Feds Use Crowdsourcing to Improve Government Websites
The White House recently held an open dialogue online to allow citizens to make comments and discuss ideas as part of a scheme to improve the efficiency and helpfulness of government websites.
This was a major government crowdsourcing effort. The consequences of direct popular opinion and the strength of the crowdsourcing method will be seen in the final report. With the tag ‘Help create the .gov you deserve,’ the site employed a simple democratic process for introducing the best ideas. Users suggested ideas and then the community decided on their validity by a simple vote. This theoretically leads to the best ideas passing through the process and becoming a reality.
The commenting and voting period is now closed but users are encouraged to read through the published ideas and prepare for the full report and road map to web reform later this month. Ideas covered a wide range of topics including improving the readability of government sites by switching the jargon-heavy script for plain English. Individual Agencies will also post their Web Improvement Plans on their Open Government Pages on October 11th.

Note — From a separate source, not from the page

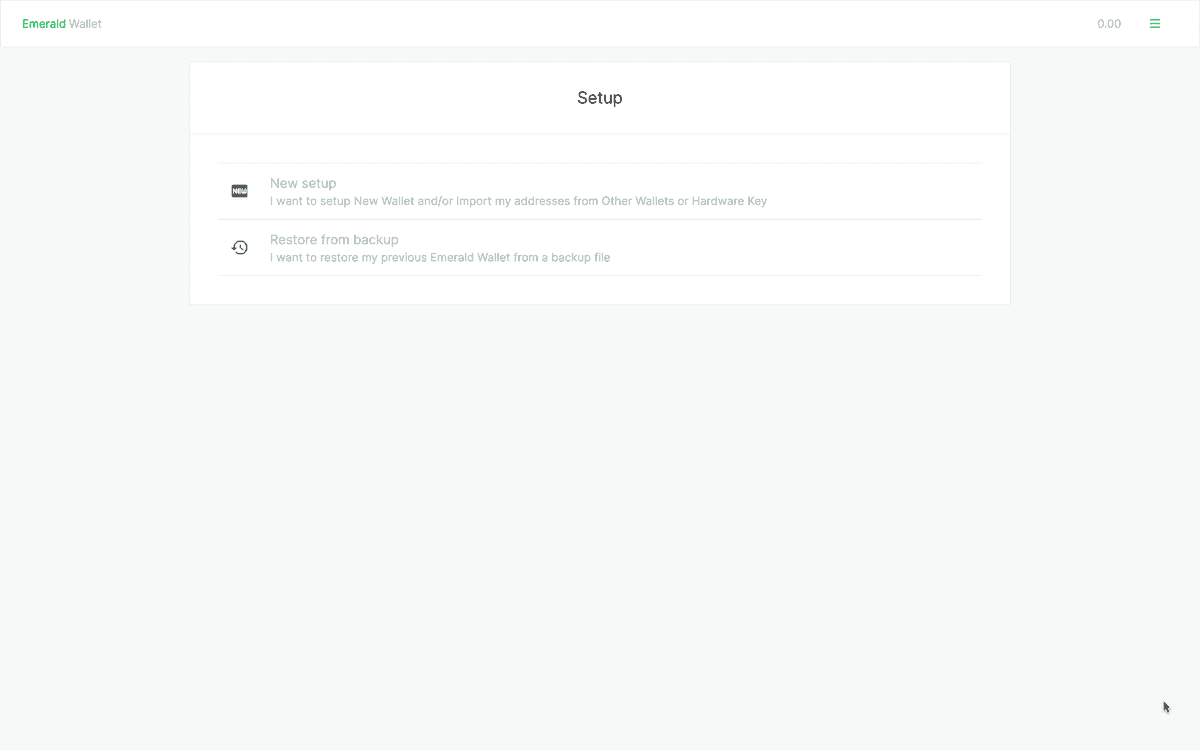 Download Emerald and open it.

The mission statement on the Web Reform site promises to “eliminate and improve websites that are redundant, out dated, hard to use, or have poorly maintained content.” The scheme is part of the Obama administration’s “Campaign to Cut Waste”.
The rampant proliferation of .gov websites and the resulting confusion has made them the focus for efficiency cuts. “With thousands of unique federal .gov domains and websites, sometimes it can be difficult to find the content you need,” states the Web Reform site. The anti-waste campaign is planning to halve the number of .gov websites over the next year.